Raja menyukainya, dan sejak saat itu coto resmi masuk dalam deretan masakan para anggota kerajaan dan bangsawan Gowa.
**
Sampai di sini, masihkah kita menganggap coto adalah soto yang kehilangan "s"? Tidak sobat, coto adalah coto, dan soto adalah soto. Tidak sama dan tidak bisa disamakan.
Dengan demikian jelas! Coto bukanlah soto.

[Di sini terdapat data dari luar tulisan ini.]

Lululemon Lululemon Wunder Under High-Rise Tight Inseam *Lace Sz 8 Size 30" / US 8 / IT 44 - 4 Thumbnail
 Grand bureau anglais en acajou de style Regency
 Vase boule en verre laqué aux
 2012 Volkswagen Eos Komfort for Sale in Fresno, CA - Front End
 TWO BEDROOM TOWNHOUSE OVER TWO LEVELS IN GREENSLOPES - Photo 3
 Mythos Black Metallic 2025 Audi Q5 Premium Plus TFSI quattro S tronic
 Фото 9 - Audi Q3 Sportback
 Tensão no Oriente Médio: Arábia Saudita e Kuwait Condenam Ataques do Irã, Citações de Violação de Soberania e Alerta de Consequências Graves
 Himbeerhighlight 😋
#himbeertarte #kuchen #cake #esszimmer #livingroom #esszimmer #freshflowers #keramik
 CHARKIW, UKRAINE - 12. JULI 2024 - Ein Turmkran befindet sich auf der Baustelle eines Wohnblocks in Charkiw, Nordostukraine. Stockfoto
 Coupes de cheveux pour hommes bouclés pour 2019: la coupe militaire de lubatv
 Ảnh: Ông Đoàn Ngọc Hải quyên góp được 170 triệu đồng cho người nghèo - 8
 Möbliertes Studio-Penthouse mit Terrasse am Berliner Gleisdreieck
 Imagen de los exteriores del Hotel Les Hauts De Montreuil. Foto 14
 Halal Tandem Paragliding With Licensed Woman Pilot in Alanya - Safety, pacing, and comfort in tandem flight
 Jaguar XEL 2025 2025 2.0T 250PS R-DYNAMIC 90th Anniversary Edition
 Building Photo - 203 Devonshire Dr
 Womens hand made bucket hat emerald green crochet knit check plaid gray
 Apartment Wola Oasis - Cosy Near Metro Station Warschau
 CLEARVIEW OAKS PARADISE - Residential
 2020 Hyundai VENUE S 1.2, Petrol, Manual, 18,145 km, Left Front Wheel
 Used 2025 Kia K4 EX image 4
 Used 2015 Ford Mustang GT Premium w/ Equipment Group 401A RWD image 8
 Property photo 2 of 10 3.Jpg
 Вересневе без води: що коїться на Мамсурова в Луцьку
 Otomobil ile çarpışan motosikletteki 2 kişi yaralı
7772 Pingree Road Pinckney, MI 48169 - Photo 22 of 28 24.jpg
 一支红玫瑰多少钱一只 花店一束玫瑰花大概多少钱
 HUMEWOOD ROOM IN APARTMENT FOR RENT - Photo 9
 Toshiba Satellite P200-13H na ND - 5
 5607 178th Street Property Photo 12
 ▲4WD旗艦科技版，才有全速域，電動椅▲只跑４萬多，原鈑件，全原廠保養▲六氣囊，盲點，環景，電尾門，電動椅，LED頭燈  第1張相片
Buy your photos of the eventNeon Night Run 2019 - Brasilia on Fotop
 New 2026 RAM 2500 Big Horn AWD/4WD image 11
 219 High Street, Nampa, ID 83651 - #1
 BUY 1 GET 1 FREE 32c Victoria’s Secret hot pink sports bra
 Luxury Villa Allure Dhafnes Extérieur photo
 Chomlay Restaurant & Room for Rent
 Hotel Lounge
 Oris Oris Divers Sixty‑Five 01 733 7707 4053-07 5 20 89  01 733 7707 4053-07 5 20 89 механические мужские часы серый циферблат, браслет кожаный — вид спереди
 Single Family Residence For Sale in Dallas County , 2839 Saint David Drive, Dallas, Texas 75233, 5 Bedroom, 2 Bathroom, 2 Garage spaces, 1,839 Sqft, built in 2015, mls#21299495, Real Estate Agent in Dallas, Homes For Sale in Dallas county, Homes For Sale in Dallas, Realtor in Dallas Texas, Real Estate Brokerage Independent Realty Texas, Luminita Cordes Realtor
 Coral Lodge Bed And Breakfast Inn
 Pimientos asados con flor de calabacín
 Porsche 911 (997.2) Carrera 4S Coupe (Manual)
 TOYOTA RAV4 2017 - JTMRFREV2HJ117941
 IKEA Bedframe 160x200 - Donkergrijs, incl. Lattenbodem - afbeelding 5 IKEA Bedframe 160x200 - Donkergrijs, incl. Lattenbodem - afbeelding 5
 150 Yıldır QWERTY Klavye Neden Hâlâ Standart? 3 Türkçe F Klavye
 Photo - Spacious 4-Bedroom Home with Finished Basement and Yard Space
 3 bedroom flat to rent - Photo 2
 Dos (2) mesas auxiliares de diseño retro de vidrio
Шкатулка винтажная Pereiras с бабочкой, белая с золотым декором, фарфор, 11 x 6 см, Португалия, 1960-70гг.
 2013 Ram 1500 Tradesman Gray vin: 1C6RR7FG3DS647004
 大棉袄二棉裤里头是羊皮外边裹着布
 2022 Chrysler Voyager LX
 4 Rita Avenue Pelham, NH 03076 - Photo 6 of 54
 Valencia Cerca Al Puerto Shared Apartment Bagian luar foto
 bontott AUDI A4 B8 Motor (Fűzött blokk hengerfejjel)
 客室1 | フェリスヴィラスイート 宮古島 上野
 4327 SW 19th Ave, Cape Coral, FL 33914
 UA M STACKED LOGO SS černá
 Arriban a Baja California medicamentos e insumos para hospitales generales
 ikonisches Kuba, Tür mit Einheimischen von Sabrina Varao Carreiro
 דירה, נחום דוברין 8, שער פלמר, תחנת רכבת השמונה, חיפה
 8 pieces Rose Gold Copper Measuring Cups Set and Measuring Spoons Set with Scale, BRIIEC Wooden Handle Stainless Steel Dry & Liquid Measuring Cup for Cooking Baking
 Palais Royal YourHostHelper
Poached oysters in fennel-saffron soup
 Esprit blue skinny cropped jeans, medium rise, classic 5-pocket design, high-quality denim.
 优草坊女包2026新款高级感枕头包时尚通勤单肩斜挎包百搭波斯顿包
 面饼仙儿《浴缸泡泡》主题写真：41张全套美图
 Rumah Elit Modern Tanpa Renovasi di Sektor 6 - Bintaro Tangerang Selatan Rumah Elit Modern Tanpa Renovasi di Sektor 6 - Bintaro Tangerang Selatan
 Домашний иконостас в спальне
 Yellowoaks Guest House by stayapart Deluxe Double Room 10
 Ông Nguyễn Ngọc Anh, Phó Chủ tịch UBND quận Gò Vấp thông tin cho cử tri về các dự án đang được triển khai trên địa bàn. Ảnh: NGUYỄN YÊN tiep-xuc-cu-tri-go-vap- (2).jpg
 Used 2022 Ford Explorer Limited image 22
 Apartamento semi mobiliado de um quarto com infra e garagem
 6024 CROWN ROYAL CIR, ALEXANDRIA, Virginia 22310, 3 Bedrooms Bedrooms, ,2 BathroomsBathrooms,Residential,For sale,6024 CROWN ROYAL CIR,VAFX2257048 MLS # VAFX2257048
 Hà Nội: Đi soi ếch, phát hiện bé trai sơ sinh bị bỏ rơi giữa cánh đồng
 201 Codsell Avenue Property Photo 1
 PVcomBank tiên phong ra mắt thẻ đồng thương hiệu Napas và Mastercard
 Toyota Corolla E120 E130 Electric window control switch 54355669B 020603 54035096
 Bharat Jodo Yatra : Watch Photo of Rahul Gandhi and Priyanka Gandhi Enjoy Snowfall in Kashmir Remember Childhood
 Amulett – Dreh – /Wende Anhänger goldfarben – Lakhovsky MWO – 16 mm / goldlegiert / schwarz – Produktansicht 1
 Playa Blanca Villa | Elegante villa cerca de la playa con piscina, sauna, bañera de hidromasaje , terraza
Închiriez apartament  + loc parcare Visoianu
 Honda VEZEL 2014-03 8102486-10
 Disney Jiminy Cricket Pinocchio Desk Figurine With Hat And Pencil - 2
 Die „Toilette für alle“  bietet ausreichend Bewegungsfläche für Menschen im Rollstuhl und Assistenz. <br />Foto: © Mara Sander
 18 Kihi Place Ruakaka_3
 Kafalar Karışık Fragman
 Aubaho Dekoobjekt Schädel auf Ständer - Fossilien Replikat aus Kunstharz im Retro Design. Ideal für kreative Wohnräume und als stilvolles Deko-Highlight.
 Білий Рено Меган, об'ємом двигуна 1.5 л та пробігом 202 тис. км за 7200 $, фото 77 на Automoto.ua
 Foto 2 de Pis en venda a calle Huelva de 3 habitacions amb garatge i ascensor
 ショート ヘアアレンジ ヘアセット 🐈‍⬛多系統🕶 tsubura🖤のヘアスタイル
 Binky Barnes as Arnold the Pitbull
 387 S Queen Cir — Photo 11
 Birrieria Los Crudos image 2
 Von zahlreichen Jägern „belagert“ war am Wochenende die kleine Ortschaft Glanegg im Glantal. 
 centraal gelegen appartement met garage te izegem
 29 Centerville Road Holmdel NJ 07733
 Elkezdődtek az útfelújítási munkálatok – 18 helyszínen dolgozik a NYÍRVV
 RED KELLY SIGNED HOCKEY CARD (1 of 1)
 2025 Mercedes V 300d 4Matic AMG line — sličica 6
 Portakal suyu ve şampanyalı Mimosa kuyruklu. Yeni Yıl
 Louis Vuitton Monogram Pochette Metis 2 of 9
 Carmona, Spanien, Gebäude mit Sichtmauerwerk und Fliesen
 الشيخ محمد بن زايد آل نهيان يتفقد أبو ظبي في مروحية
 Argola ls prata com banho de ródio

Oh ya satu lagi, jika ternyata memang sajian makanan berkuah berasal dari ide makanan Chao-to, maka secara etimologi, telinga orang Makassar lebih peka terhadap dialek China. Kata Chao-to jelas lebih mirip Coto, daripada Soto.
Dan yang lebih penting, melihat perbedaan usia eksistensi di antara keduanya, bisa saja soto adalah mutasi dari coto.
Lantas mengapa namanya bisa menjadi (s)oto?
Karena jika Cotho, maka kasusnya akan sama dengan pengalaman Kompasianer Susy Haryawan.
Suatu waktu ia sedang lapar. Ingin masak, tetapi bahan makanan pas habis. Lantas datanglah Mba Siti Nazarotin yang baik hati. Ia berjanji untuk mengirim makanan buat Om Susy.
Setelah ditunggu berjam-jam lamanya, makanan yang dijanjikan pun tiba. Tapi, tidak bisa dimakan, sebabnya dalam bentuk virtual. "Jan cotho nek ngene."